Verbraucher nutzen Rückgabe-Rechte schamlos aus

„Hinzu kommt, dass die freimütigen Rückgabe-Möglichkeiten im Online-Handel innerhalb von 14 Tagen leider schamlos ausgenutzt wurden“, sagt Hennecke. „Die Leute hatten sich Bücher bestellt, sich aber ganz offensichtlich dann Seiten rauskopiert oder die Bücher durchgelesen, das war an den arg geknickten Buchrücken erkennbar, und dann einfach zurückgeschickt und wollten das Geld zurück.“

Dann gab’s früher noch den eigentlich sehr gut funktionierenden Großbuchhändler KNV, bei dem bei Hennecke erschienene Werke gelistet waren. „Der nahm immer zehn Exemplare auf Kommission ab und belieferte den süddeutschen Buchhandel über Nacht (Arzneimittel an Apotheken auch, um die Ertragslage zu verbessern). Nach sechs Monaten liefen pünktlich die Zahlungen ein. Das Gegenstück im Norden Deutschlands ist Libri.“ Aber, KNV ist umgezogen nach Erfurt, „und damit gibt es keinen solch verlässlichen Großbuchhändler in Süddeutschland mehr“, sagt Hennecke.

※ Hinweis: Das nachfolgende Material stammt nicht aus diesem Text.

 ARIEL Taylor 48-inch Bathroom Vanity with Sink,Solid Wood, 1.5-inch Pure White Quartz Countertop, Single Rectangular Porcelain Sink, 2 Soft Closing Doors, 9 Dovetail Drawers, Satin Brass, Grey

Osiander habe zwar viele Buchhandlungen (in Waiblingen, Schorndorf, Winnenden und Backnang) übernommen, aber nicht die Rolle eines Großbuchhändlers, bekrittelt der Buocher Kleinverleger.

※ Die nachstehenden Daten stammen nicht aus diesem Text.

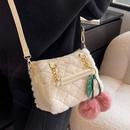 Furry small bag autumn and winter new fashion plush messenger bag texture portable plush pillow bagpicture7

„Nimmt Osiander eine Bestellung, die zum Beispiel aus Waiblingen kommt, an, schicke ich das Buch an die Osiander-Zentrale nach Tübingen, von dort wird es nach Waiblingen verschickt. Da bleiben Geld und Zeit auf der Strecke.“ Das Katzen-Büchlein kostet 8,50 Euro bei 35 Prozent frei Haus und lohne sich bei dieser Firmenstruktur für Osiander vermutlich nicht. „Bei mir verhärtet sich sogar der Verdacht, dass Osiander Anweisungen gegeben hat, solche niedrig-preisigen Büchlein nicht zu verkaufen“, behauptet Hennecke. „Andererseits kann ich das Büchlein nicht teurer machen. Porto und Verpackung sind heute dank Amazon sowieso eingerechnet. Sämtliche Buchprodukte sind damit um circa drei Euro teurer geworden. Aber das scheinen die Leute nicht gemerkt zu haben und denken, sie machen jetzt regelmäßig Schnäppchen, weil sie ‘keine’ Versandkosten zahlen müssten, die von allen längst eingepreist wurden.“

Ähnlich wie Osiander verfahre Thalia. „Ein zentrales Rechnungswesen steht heute über allem, das die Controller durchgesetzt haben“, sagt Hennecke. Er habe Osiander sogar Freiexemplare geschickt, damit sie auf die Osiander-Homepage kommen. „Komplette Fehlanzeige.“

Ein Hoch auf Hess, Bacher, Halder, Seeelow, Donner, Kreh und Blessings 4 you

Früher, da habe man sich als Kleinverleger noch regelmäßig mit den lokalen Buchhändlern getroffen und einen gedeihlichen Umgang gehabt. „Als es in Waiblingen noch die Hess’sche Buchhandlung gab, hat mich der Hess von selbst immer angerufen und gesagt, schick mir doch mal fünf Exemplare von der gerade neu erschienenen lokalhistorischen Abhandlung. Beim Bacher in Schorndorf oder beim Halder in Winnenden war es ähnlich unkompliziert. Da lagen unsere Bücher auch aus. So konnten die Leute auch davon erfahren. Jetzt beim Osiander muss alles über die Zentrale laufen und bis die mal ein Buch mit kleiner Auflage freigeben, das dauert ewig, wenn es überhaupt klappt.“

Alle der in Buoch verlegten Bücher haben Internationale Standardbuchnummern (ISBN). „Aber die müssen von Osiander und Thalia auch in die Metadaten in ihren Systemen eingepflegt werden. Sonst findet die dort niemand.“

Wo die Zusammenarbeit noch besser sei, und darüber sei er auch sehr dankbar und froh: „Bei Seelow in Schorndorf, Blessings 4 you in Weinstadt, Donner in Plüderhausen und Rudersberg oder beim Kreh in Winnenden“, sagt Hennecke. „Die kennen mich alle. Die rufen an, wenn Leute die Bücher meines Verlags nachfragen, und wir liefern dann zügig.“

Von Pilzen, Orchideen und anderen Nischen-Themen

Er sei sich bewusst, dass viele der von ihm verlegten Bücher keine Bestseller-Listen stürmen werden. „Von so einer lokalhistorischen Ortsgeschichte verkaufen Sie über die Jahre vielleicht 400 Stück. Von meinem Pilzbüchlein so 100 Stück. Aber das sollte doch gerade für Ortsbuchhandlungen auch einen Stellenwert haben und dass nicht überall nur dasselbe bundesweit einheitliche Buchprogramm gefahren wird“, sagt Hennecke.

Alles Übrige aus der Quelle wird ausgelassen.